On the contrary, many authors reported that femoral malrotation affects functional outcomes, especially its negative effect on the patellofemoral joint, resulting in persistent anterior knee pain [10, 18, 26]. In a study by Karaman et al. on 24 patients who were treated by IMN for a unilateral femoral fracture, they reported an incidence of malrotation of about 42% as compared to the contralateral intact side; they reported lower TLKSS and WOMAC scores (for the knee and the hip joints) in patients with malrotation (no difference between external or internal deformity) compared to those who did not have deformity, patients complained mainly of anterior knee pain while climbing stairs and performing sports activities; furthermore, some patients in the malrotation group reported occasional hip pain [9].

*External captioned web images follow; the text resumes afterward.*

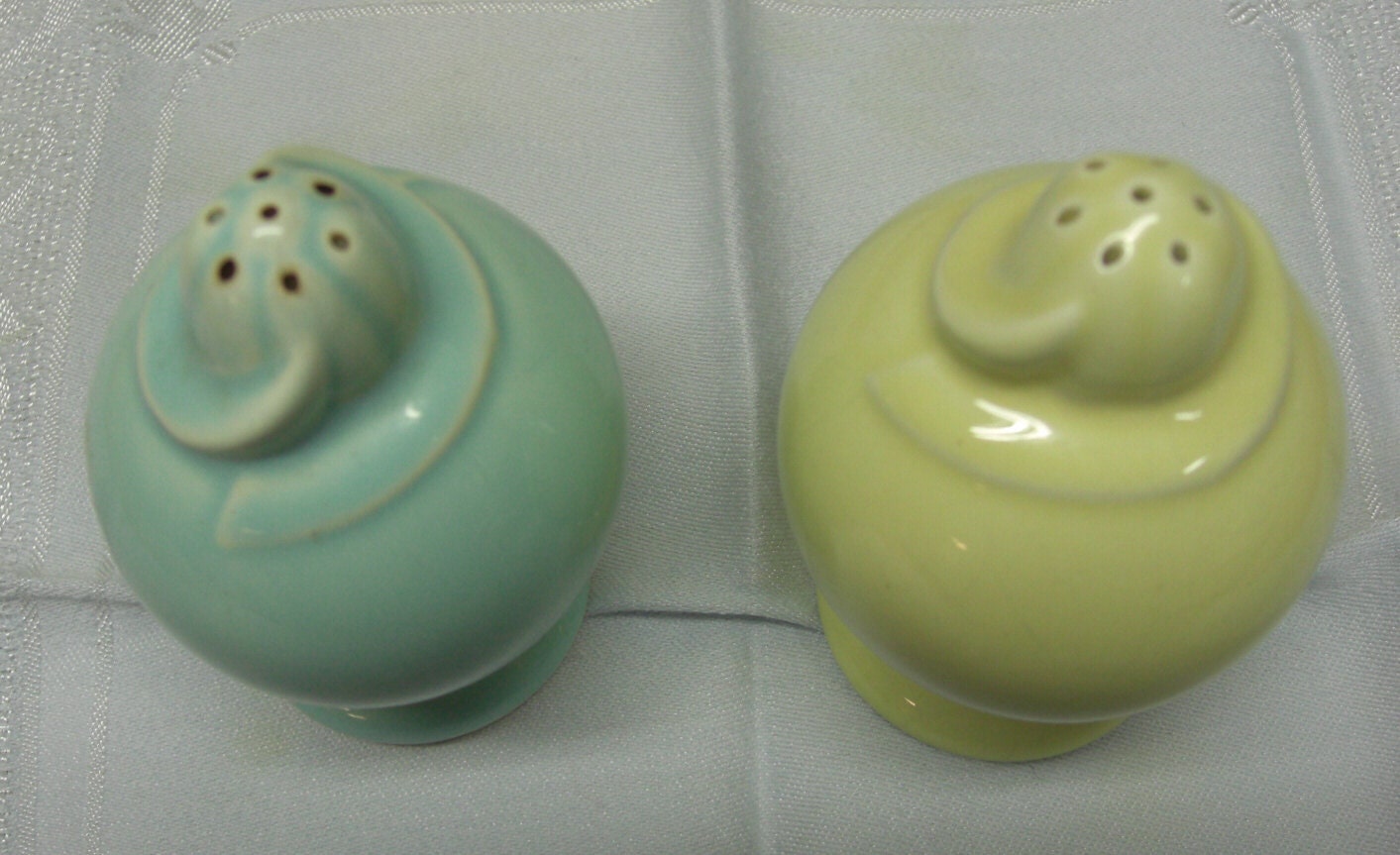 Taylor Smith & Taylor Luray Surf Green and Persian Cream Pastel Salt and Pepper Shakers
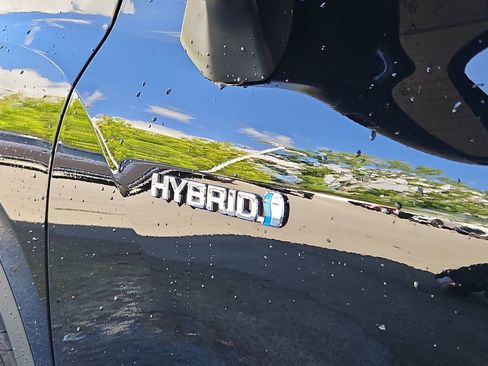 Used 2021 Toyota Highlander Limited image 39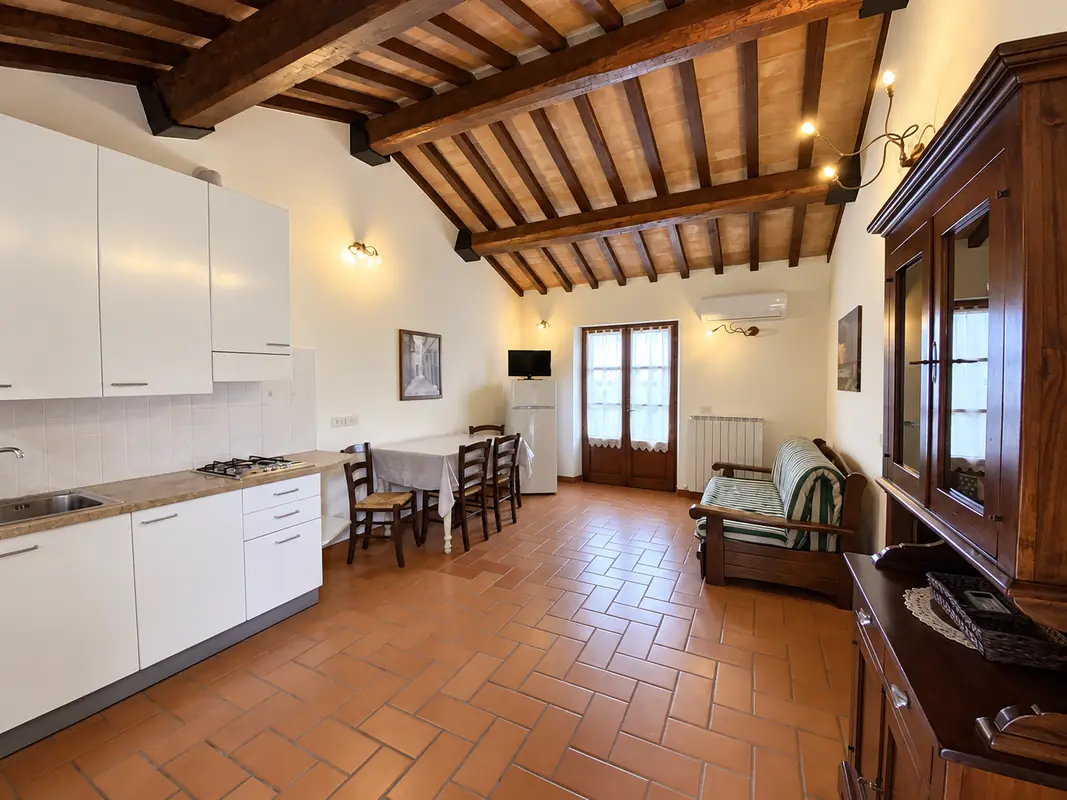 Zona giorno dell’Etrusco con cucina, tavolo e divano a righe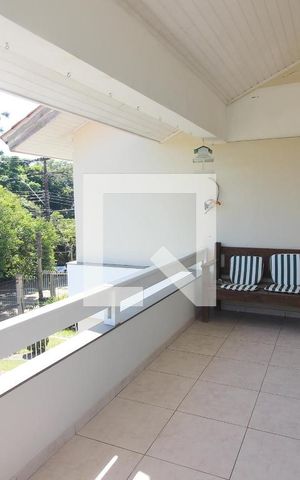 Casa à venda com 201m², 3 quartos e 6 vagasSacada da Sala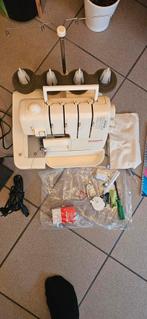 Bernina 2000De, Hobby en Vrije tijd, Ophalen of Verzenden, Bernina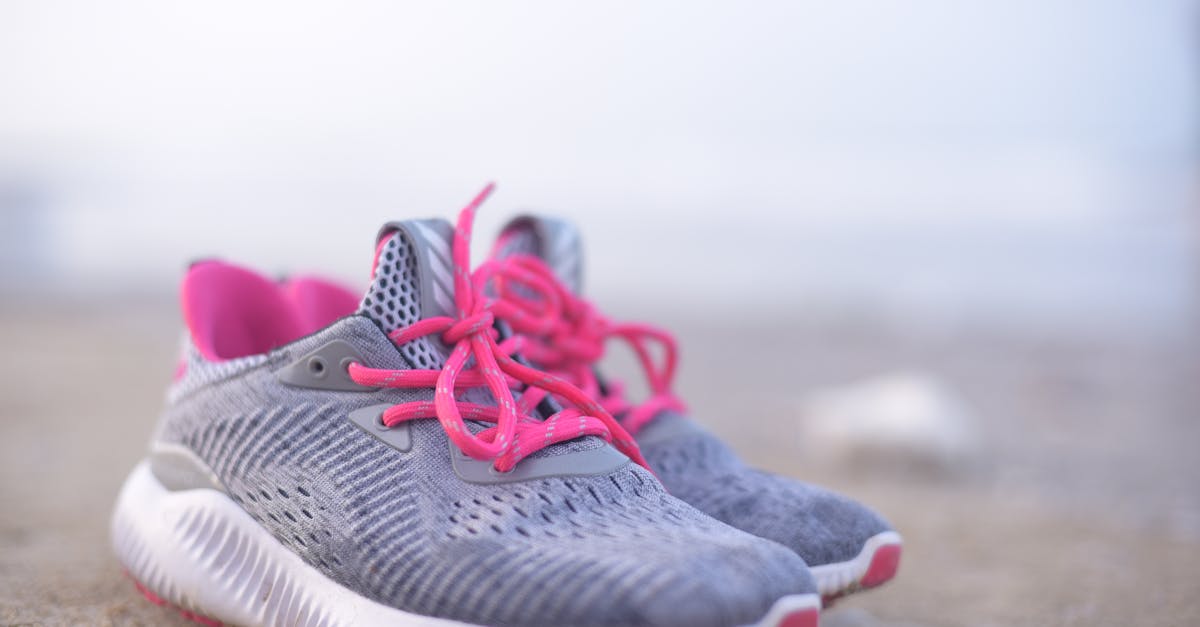 découvrez notre sélection tendance de sneakers pour homme et femme : modèles classiques, éditions limitées et nouveautés incontournables pour parfaire votre style urbain. livraison rapide et retours faciles.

We admit that the current study has some inherent limitations. First, we did not perform a sample size calculation before the study; however, we believe we included enough average number of patients compared to the previously published studies, enabling us to obtain sensible results. However, we admit that a larger sample-size study would be preferable. Second, is the lack of randomization. Third, we did not calculate the amount of radiation exposure from performing a CT scan to assess the rotational profile; however, according to the radiology department, the radiation was kept to a minimum within the range of accepted limits [39]. Last, the relatively short follow up period, as a longer follow up is needed to estimate the possible long-term effects of malrotation on the outcomes.

Conclusions

There was no difference in the amount of femoral malrotation after treating a unilateral femoral shaft fracture using IMN, either after utilizing intraoperative clinical or radiological methods for obtaining proper rotation. The functional outcomes were accepted in most patients, which did not differ between patients with an accepted rotation or true malrotation. Further well-designed randomized studies will help support our findings.